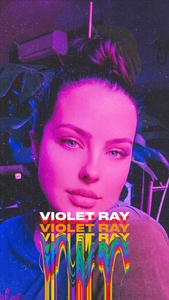 Violet Ray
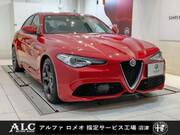 2019 ALFA ROMEO GIULIA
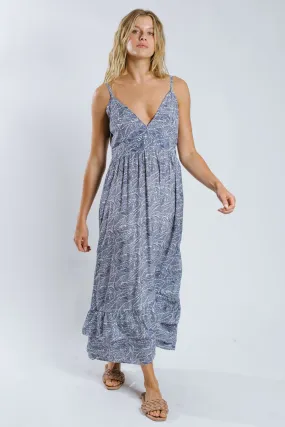 Balaa Midi Dress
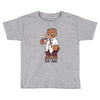 bearly awake Toddler T-shirt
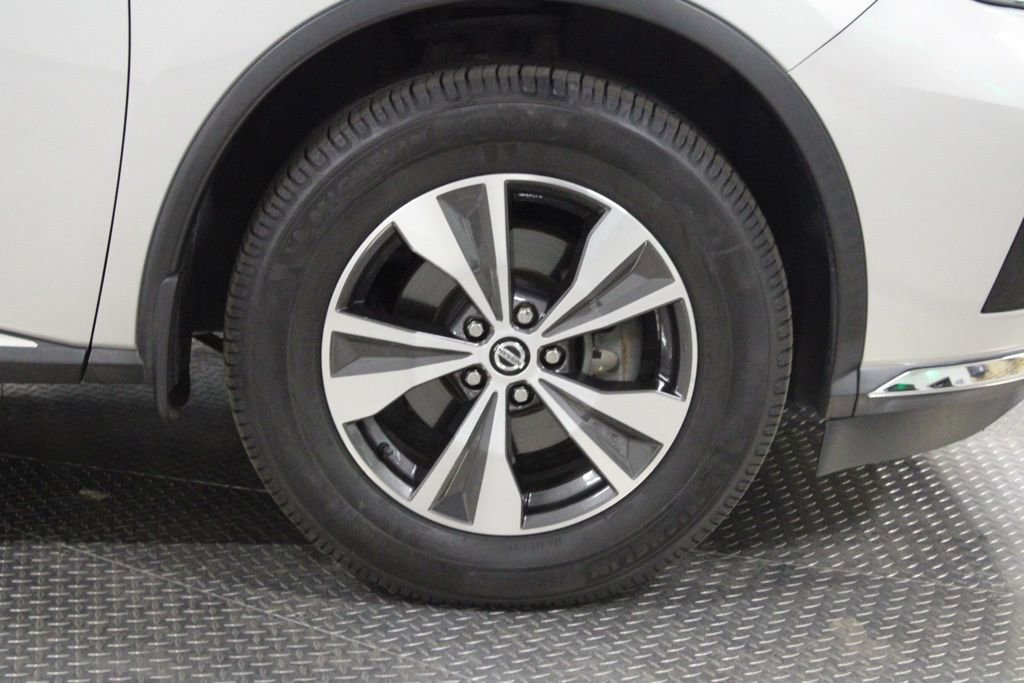 Used 2020 Nissan Murano SV w/ Cargo Package image 15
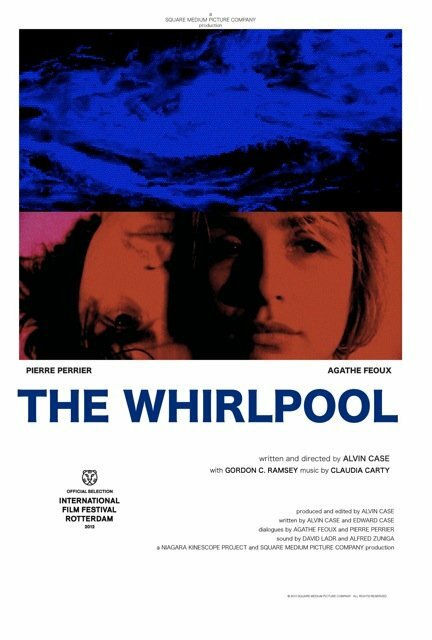 The Whirlpool (2012) постер
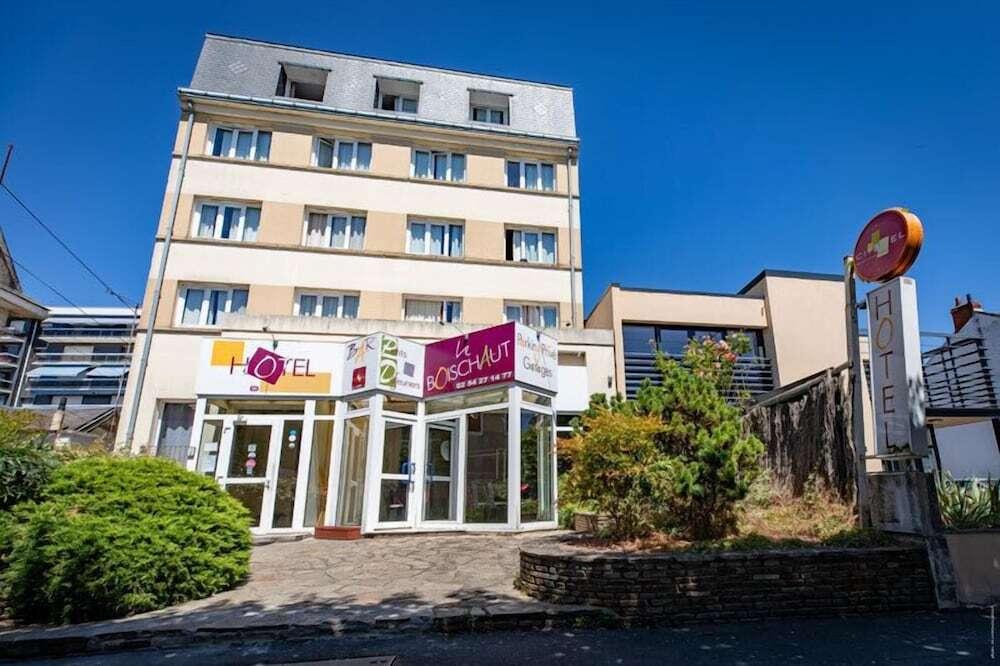 hotel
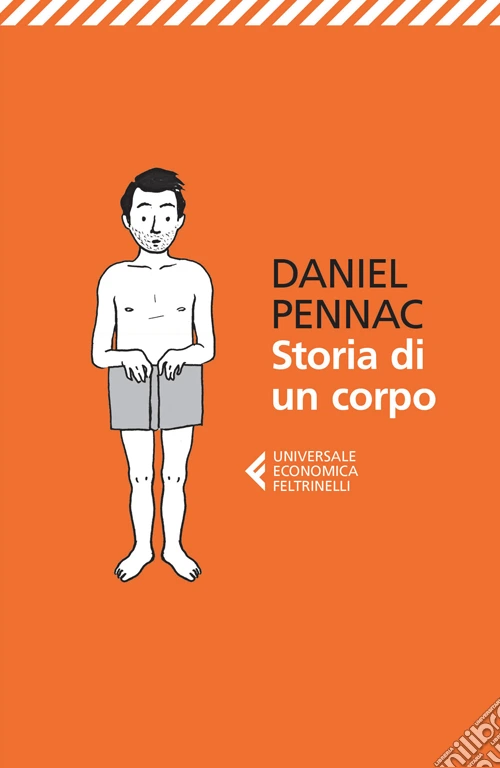 Storia di un corpo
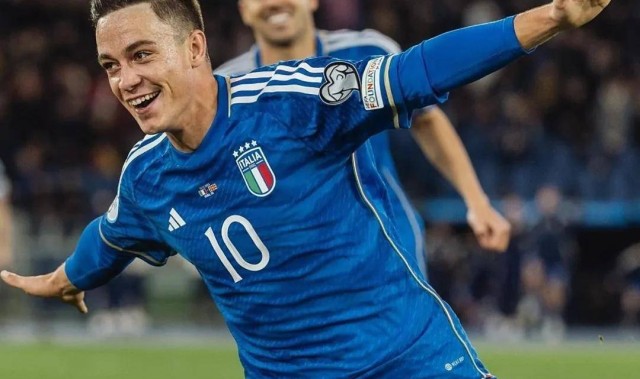 3500～4000万替补！罗马死磕那不勒斯抢意甲冠军拼图，是否值得？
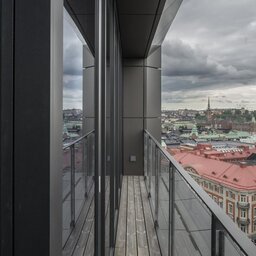 Zweden-Stockholm-At-Six-Hotel-uitzicht-stad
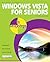 Windows Vista for Seniors in easy steps by Michael      Price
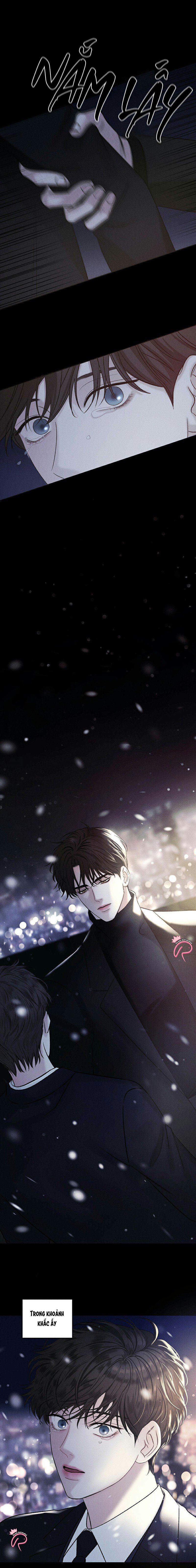 đặc ân (joo eun) chapter 1 13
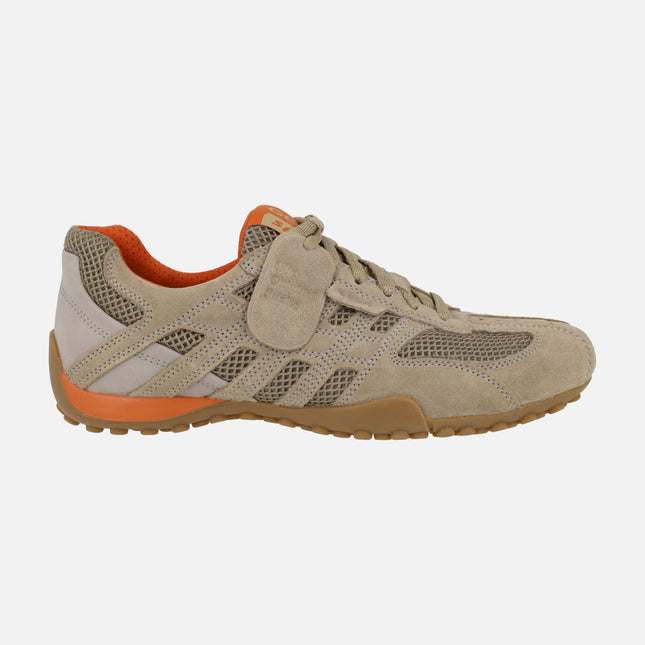 Snake Original Men's Sneakers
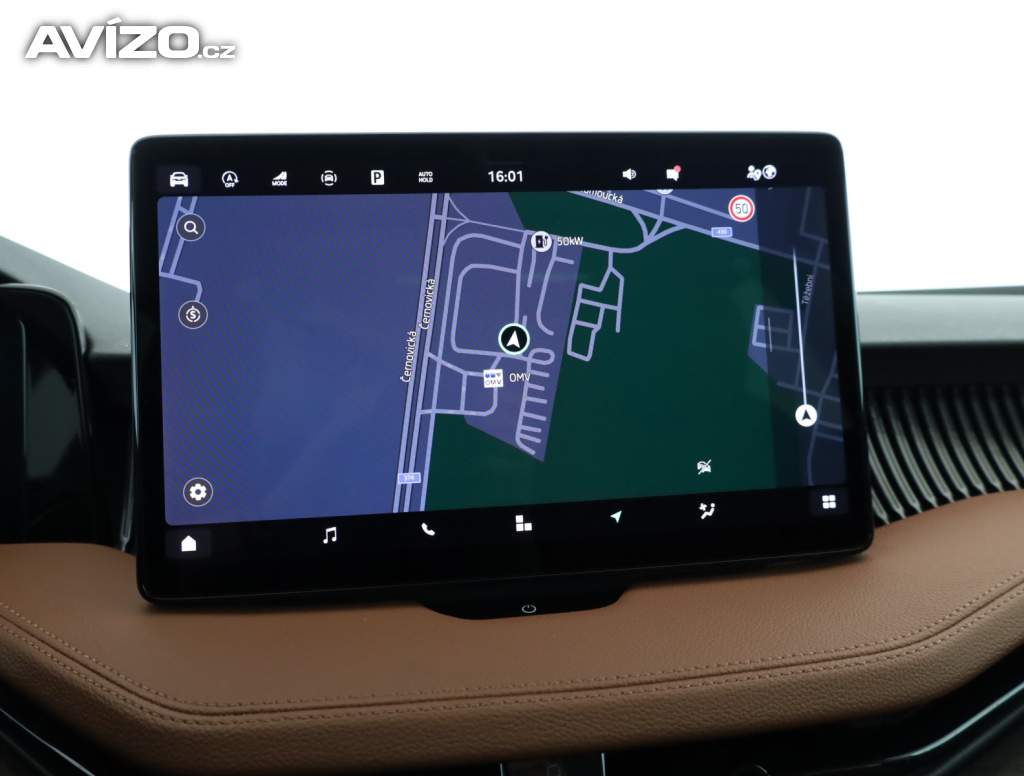 Foto inzerátu Skoda Superb 2.0 TSI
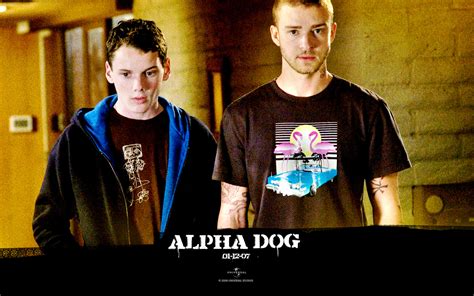 Alpha Dog - Alpha Dog Wallpaper (27276433) - Fanpop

### TASK
With the pictures omitted, the entries are to be transcribed in full, exactly as they appear.

### ANSWER TO THIS EXERCISE
 Violet Ray
 2019 ALFA ROMEO GIULIA
 Balaa Midi Dress
 bearly awake Toddler T-shirt
 Used 2020 Nissan Murano SV w/ Cargo Package image 15
 The Whirlpool (2012) постер
 hotel
 Storia di un corpo
 3500～4000万替补！罗马死磕那不勒斯抢意甲冠军拼图，是否值得？
 Zweden-Stockholm-At-Six-Hotel-uitzicht-stad
 Windows Vista for Seniors in easy steps by Michael      Price
 đặc ân (joo eun) chapter 1 13
 Snake Original Men's Sneakers
 Foto inzerátu Skoda Superb 2.0 TSI
 Alpha Dog - Alpha Dog Wallpaper (27276433) - Fanpop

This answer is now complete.